[Start of Attachment]

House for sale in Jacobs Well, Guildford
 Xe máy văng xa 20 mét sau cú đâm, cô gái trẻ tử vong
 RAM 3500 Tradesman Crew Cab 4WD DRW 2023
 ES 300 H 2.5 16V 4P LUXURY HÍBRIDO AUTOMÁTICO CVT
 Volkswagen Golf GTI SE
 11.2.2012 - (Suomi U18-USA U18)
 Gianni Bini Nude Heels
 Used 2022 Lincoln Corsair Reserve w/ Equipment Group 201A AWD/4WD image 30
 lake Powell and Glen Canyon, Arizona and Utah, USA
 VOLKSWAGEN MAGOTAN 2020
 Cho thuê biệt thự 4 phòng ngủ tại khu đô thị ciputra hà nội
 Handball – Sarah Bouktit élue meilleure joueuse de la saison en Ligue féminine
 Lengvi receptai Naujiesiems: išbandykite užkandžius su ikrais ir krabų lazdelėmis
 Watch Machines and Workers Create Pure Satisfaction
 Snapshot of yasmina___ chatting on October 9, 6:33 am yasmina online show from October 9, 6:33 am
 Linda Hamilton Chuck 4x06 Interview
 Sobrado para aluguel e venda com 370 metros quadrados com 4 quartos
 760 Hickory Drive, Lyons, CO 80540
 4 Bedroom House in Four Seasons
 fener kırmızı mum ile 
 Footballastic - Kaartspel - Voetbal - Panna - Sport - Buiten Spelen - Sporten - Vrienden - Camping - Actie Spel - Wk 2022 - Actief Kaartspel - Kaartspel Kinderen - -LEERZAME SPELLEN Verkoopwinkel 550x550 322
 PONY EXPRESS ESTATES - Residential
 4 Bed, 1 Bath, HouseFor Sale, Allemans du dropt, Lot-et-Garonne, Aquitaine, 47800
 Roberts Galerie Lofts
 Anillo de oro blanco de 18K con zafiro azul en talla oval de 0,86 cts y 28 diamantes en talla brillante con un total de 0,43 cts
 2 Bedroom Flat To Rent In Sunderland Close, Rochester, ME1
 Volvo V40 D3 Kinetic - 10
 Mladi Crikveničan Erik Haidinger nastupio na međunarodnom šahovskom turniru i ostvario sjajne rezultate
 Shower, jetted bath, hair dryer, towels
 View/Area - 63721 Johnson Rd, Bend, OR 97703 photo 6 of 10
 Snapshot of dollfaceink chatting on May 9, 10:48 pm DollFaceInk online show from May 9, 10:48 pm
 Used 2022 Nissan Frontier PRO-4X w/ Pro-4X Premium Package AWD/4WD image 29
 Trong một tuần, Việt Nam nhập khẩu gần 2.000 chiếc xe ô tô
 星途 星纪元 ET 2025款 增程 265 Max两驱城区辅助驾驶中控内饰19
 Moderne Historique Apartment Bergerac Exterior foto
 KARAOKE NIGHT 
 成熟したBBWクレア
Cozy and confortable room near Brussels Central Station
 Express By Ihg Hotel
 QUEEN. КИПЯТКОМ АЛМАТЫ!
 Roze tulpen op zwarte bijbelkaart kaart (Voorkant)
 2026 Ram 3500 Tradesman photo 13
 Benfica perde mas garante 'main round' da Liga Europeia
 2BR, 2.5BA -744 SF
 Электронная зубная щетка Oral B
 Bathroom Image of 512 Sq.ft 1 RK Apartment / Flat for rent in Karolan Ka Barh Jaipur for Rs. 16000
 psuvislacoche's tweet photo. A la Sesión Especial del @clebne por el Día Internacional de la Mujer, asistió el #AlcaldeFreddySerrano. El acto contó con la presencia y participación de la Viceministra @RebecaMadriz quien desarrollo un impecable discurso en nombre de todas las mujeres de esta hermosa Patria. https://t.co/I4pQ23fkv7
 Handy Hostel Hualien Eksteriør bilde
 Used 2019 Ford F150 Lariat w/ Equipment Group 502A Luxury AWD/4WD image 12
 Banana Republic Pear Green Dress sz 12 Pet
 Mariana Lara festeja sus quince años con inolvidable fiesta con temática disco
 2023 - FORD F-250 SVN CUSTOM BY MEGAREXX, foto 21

[End of Attachment]

▶ _Task_: The required answer is every line of the data, duplicated exactly.

▶ _Exercise answer_:
House for sale in Jacobs Well, Guildford
 Xe máy văng xa 20 mét sau cú đâm, cô gái trẻ tử vong
 RAM 3500 Tradesman Crew Cab 4WD DRW 2023
 ES 300 H 2.5 16V 4P LUXURY HÍBRIDO AUTOMÁTICO CVT
 Volkswagen Golf GTI SE
 11.2.2012 - (Suomi U18-USA U18)
 Gianni Bini Nude Heels
 Used 2022 Lincoln Corsair Reserve w/ Equipment Group 201A AWD/4WD image 30
 lake Powell and Glen Canyon, Arizona and Utah, USA
 VOLKSWAGEN MAGOTAN 2020
 Cho thuê biệt thự 4 phòng ngủ tại khu đô thị ciputra hà nội
 Handball – Sarah Bouktit élue meilleure joueuse de la saison en Ligue féminine
 Lengvi receptai Naujiesiems: išbandykite užkandžius su ikrais ir krabų lazdelėmis
 Watch Machines and Workers Create Pure Satisfaction
 Snapshot of yasmina___ chatting on October 9, 6:33 am yasmina online show from October 9, 6:33 am
 Linda Hamilton Chuck 4x06 Interview
 Sobrado para aluguel e venda com 370 metros quadrados com 4 quartos
 760 Hickory Drive, Lyons, CO 80540
 4 Bedroom House in Four Seasons
 fener kırmızı mum ile 
 Footballastic - Kaartspel - Voetbal - Panna - Sport - Buiten Spelen - Sporten - Vrienden - Camping - Actie Spel - Wk 2022 - Actief Kaartspel - Kaartspel Kinderen - -LEERZAME SPELLEN Verkoopwinkel 550x550 322
 PONY EXPRESS ESTATES - Residential
 4 Bed, 1 Bath, HouseFor Sale, Allemans du dropt, Lot-et-Garonne, Aquitaine, 47800
 Roberts Galerie Lofts
 Anillo de oro blanco de 18K con zafiro azul en talla oval de 0,86 cts y 28 diamantes en talla brillante con un total de 0,43 cts
 2 Bedroom Flat To Rent In Sunderland Close, Rochester, ME1
 Volvo V40 D3 Kinetic - 10
 Mladi Crikveničan Erik Haidinger nastupio na međunarodnom šahovskom turniru i ostvario sjajne rezultate
 Shower, jetted bath, hair dryer, towels
 View/Area - 63721 Johnson Rd, Bend, OR 97703 photo 6 of 10
 Snapshot of dollfaceink chatting on May 9, 10:48 pm DollFaceInk online show from May 9, 10:48 pm
 Used 2022 Nissan Frontier PRO-4X w/ Pro-4X Premium Package AWD/4WD image 29
 Trong một tuần, Việt Nam nhập khẩu gần 2.000 chiếc xe ô tô
 星途 星纪元 ET 2025款 增程 265 Max两驱城区辅助驾驶中控内饰19
 Moderne Historique Apartment Bergerac Exterior foto
 KARAOKE NIGHT 
 成熟したBBWクレア
Cozy and confortable room near Brussels Central Station
 Express By Ihg Hotel
 QUEEN. КИПЯТКОМ АЛМАТЫ!
 Roze tulpen op zwarte bijbelkaart kaart (Voorkant)
 2026 Ram 3500 Tradesman photo 13
 Benfica perde mas garante 'main round' da Liga Europeia
 2BR, 2.5BA -744 SF
 Электронная зубная щетка Oral B
 Bathroom Image of 512 Sq.ft 1 RK Apartment / Flat for rent in Karolan Ka Barh Jaipur for Rs. 16000
 psuvislacoche's tweet photo. A la Sesión Especial del @clebne por el Día Internacional de la Mujer, asistió el #AlcaldeFreddySerrano. El acto contó con la presencia y participación de la Viceministra @RebecaMadriz quien desarrollo un impecable discurso en nombre de todas las mujeres de esta hermosa Patria. https://t.co/I4pQ23fkv7
 Handy Hostel Hualien Eksteriør bilde
 Used 2019 Ford F150 Lariat w/ Equipment Group 502A Luxury AWD/4WD image 12
 Banana Republic Pear Green Dress sz 12 Pet
 Mariana Lara festeja sus quince años con inolvidable fiesta con temática disco
 2023 - FORD F-250 SVN CUSTOM BY MEGAREXX, foto 21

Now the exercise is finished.